Start of Source information

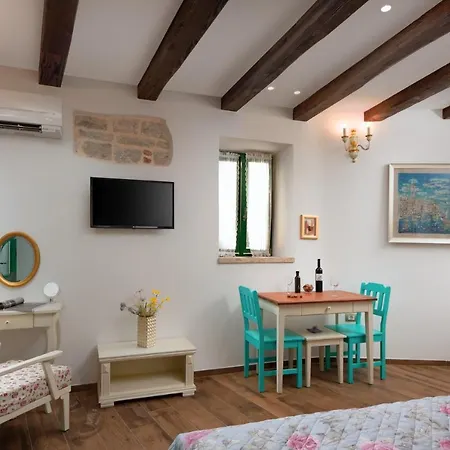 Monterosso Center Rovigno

End of Source information
Start of Source information

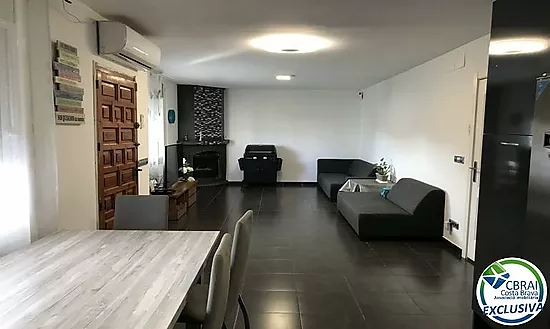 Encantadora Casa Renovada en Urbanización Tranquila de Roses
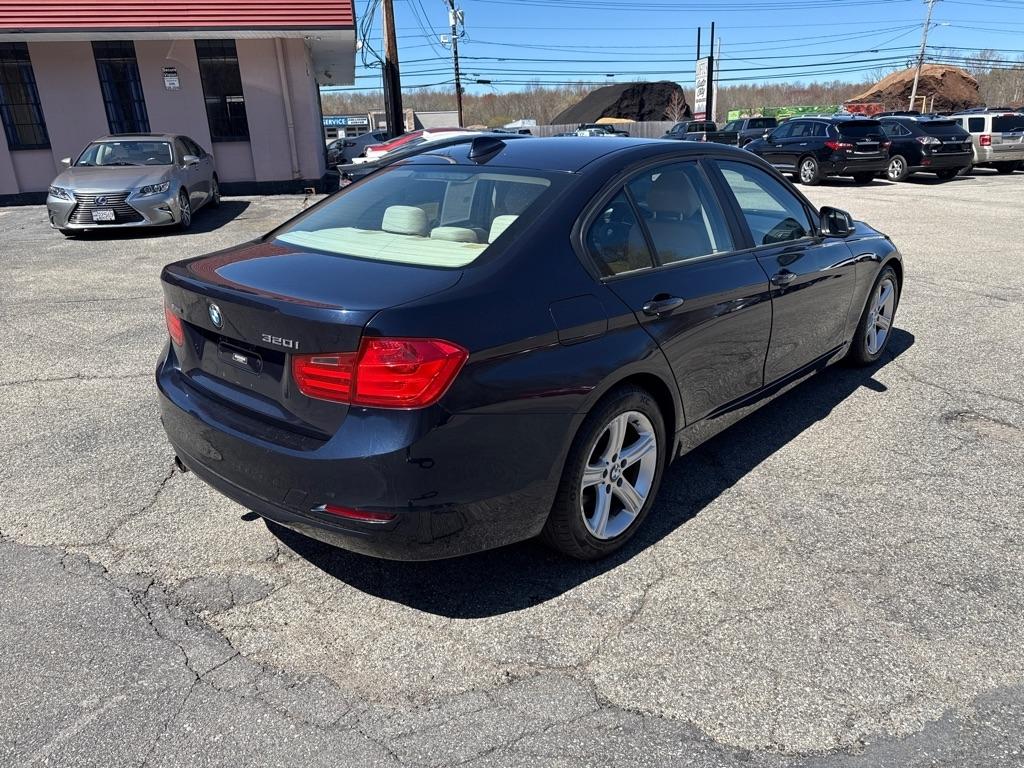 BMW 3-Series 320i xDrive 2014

End of Source information

■ The task: From the line containing "Encantadora Casa Renovada" through the line containing "BMW 3-Series 320i xDrive 2014", copy every line above exactly, without pictures.

■ Problem solution:
 Encantadora Casa Renovada en Urbanización Tranquila de Roses
 BMW 3-Series 320i xDrive 2014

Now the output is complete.